Chris Macy has been playing, studying, composing on and teaching piano for years. Singing, not as much. But last summer, he changed that.
“I went on a little mission, I started to write a couple albums of music starting in 2012 and I started writing lyrics,” he explained. “But I was never a singer and it was a great opportunity for me to start singing.”
So he created what he called his “2-by-21-Day Challenge,” where he endeavored to sing in front of audiences between May and August as much as possible to get used to doing so. It blossomed into more than 50 engagements during the warm weather, mostly open mic nights, a chance to play two or three songs, but also some featured slots and longer sets.
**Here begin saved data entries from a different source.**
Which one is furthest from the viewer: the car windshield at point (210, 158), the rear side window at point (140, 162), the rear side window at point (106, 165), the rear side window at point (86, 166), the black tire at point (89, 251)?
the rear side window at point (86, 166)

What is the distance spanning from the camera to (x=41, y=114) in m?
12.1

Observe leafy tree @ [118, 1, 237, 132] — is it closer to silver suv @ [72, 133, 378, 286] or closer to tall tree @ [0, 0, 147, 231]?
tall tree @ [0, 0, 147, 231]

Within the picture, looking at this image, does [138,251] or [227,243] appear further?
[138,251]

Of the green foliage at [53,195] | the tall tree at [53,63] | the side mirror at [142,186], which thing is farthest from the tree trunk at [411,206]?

Macy’s lyric-driven pieces — instrumental offerings are more lush and impressionistic — fall easily into the singer-songwriter spectrum. He describes it as an amalgam of ragtime, honky tonk, blues and more, and there’s a strong Tom Waits-inspired approach to churning up all those influences, along with a little Billy Joel or Elton John in terms of earnestness and melody, respectively.
And, last summer, they began to find an audience.
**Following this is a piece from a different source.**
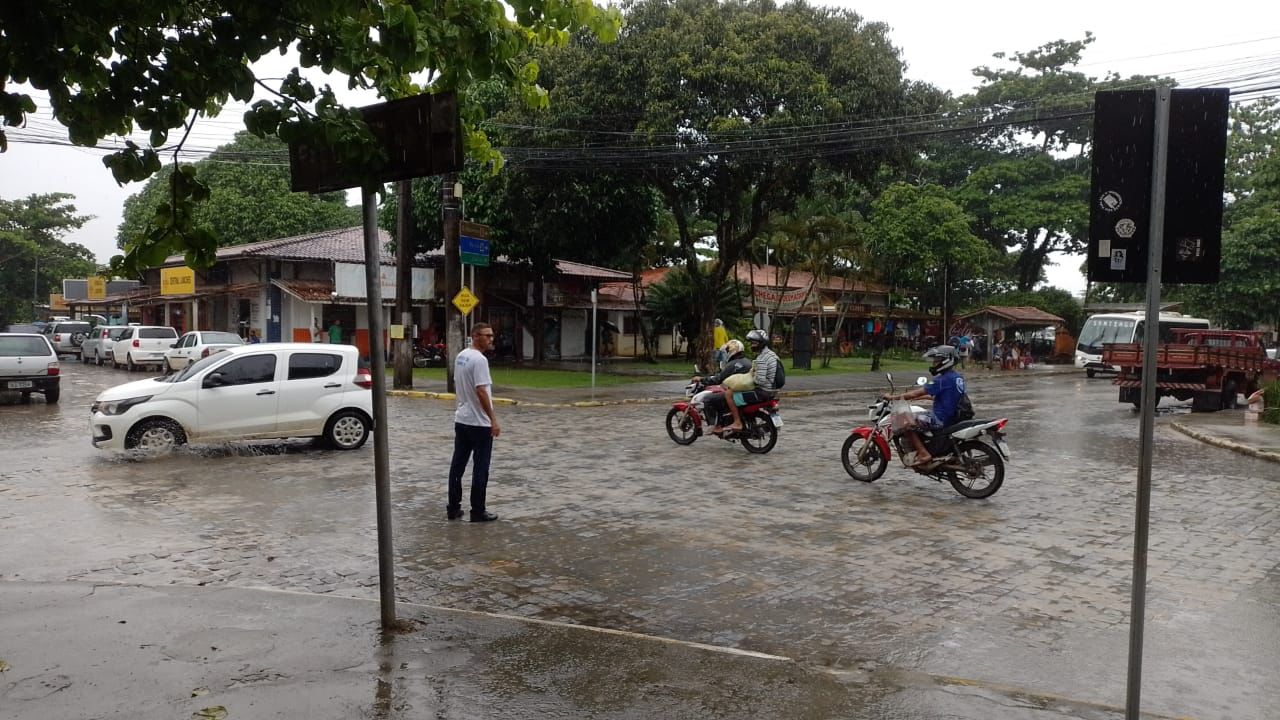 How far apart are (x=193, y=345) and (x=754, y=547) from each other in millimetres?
25830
“It turned out really well, people really engaged with the idea of, ‘This is it, in its infancy in front of God and everybody,’ ” Macy laughed.
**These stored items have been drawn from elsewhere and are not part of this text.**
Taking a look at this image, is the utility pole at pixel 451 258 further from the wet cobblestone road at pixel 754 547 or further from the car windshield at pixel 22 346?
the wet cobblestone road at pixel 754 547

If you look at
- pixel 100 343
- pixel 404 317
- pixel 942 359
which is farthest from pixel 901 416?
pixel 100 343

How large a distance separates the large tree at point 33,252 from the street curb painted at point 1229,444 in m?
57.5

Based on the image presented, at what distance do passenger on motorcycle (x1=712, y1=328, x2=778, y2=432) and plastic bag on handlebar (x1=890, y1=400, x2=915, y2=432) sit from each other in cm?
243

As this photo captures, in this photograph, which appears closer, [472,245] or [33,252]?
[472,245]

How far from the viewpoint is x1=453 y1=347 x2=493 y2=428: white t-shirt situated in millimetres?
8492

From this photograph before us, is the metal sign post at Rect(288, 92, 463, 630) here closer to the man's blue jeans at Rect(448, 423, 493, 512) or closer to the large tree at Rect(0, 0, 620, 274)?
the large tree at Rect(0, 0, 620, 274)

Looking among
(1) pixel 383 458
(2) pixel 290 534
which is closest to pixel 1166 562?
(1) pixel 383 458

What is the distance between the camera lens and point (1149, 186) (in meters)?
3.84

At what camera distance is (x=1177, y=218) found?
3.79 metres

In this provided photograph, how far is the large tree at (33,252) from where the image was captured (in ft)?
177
But as much as it was a learning process, Macy is still a skilled musician even if he was learning a new skill in public. Getting out there, warts and all but allowing it to be “new and fresh” in front of people, is part of the fun, and mostly the point.
“The real beauty of being human is sharing our imperfections, our human-ness, together,” he noted.
Those shows turned out to be a turning point of sorts for his nascent band, Hookahmen!? The group, which was just Macy on his own for a while, now occasionally features a bassist, violin and guitar, the first round or so of musicians to filter into his camp.
Building a band, said Macy, has been steady but slow, but getting the right people in place is part of Macy’s goal for 2016. He’s kicking off the year with a performance at the Roadhouse Inn on Thursday, and plans to “commercialize” the band this year with more players, an album to sell, and a solid live show.
But the first two are just nuts and bolts. The live show — the interaction with an audience and shared experience of a performance — is really what Macy is chasing.
“Unity, the emotions that foster love, caring, inspiration and giving ourselves permission to be human,” he explained. “That’s what Hookahmen!?is all about as a concept.”